None-the-less, I step through the door a bit after 9 AM; the ubiquitous Vietnamese young lady stylist is already working on her client, and I am expecting Vicki at chair #1.  I look around for Vicki for just a moment, when stepping out from behind the wall stocked with hair product was a new stylist.  She was 6 foot-3, wore a tight sweater stretched across her prominently displayed boobs, looking as if they were stacked on a shelf.  Her black & white horizontal striped knit skirt was tight and mid-thigh length.  I took in her height,  her clothing, her black and white colored hair-do and a very strong and square jaw line.  She immediately stuck out her hand, which was the size of an oven mitt and greeted me with a husky voice, saying, "Hi!
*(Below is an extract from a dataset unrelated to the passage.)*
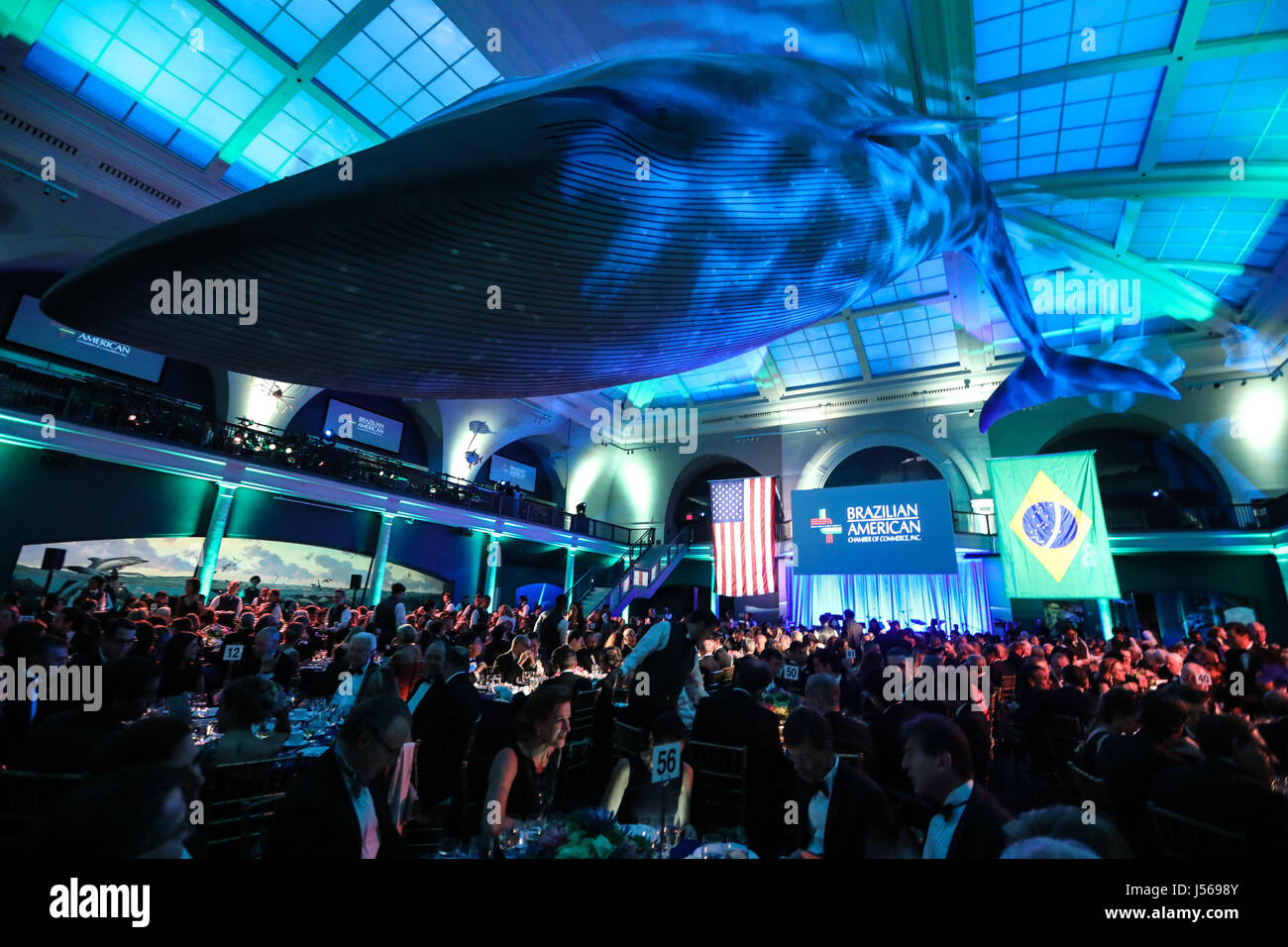 New York, USA. 16. Mai 2017. Person des Jahres 2017 (Persönlichkeit des Jahres) von der Brasilien-US Chamber Of Commerce bei einem Galadinner im Museum of Natural History in Manhattan in New York City am Dienstag, 16. São Paulo Bürgermeister João Dória Jr. erhielt die Auszeichnung zusammen mit Thomas Shannon, ehemaliger US-Botschafter in Brasilien Credit: Brasilien Foto Presse/Alamy Live News Stockfoto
I'm Sabrina, I'll be your stylist today!"  

I thought to myself; I would have guessed your name was Lola.  But no.  We'll just go along with Sabrina.

I'm not the world's most passionate man, and I'm not dumb but I don't understand 
why she looks like a woman, but talks like a man;
well girls will be boys and boys will be girls,
It's a crazy mixed up muddled up shook-up world.
  - The Kinks

Sabrina was attentive to my wishes and quite explanatory of her choices of "stylists" tools to get me the look I craved.  We talked of weather, drought, and the care of homes and the local housing market.  Sabrina told me "they had just bought a cute little pier-and-beam place in East Plano".  She went on to say that the buying a house in these times is just "crazy insane, don't you know it honey!"  But now that her house papers were all signed, Sabrina said that she was a "satisfied wife - how often do you hear that from a woman?" she asked me.  I admitted that domestic tranquility was a beautiful thing.

Sabrina then asked, "How 'bout I just trim those eyebrows chief?"  I thought to myself, this is way too close to what I think they mean by "manscaping", so I politely said I'll just leave my eyebrows as they are, thanks.  Sabrina trimmed my neck and then asked if everything looked acceptable.  I said it looked fine, but really, I was feeling so faaabulous, and I know I just looked maaavalous to boot.

Sabrina did quite a job on my head.  Maybe in more ways than one.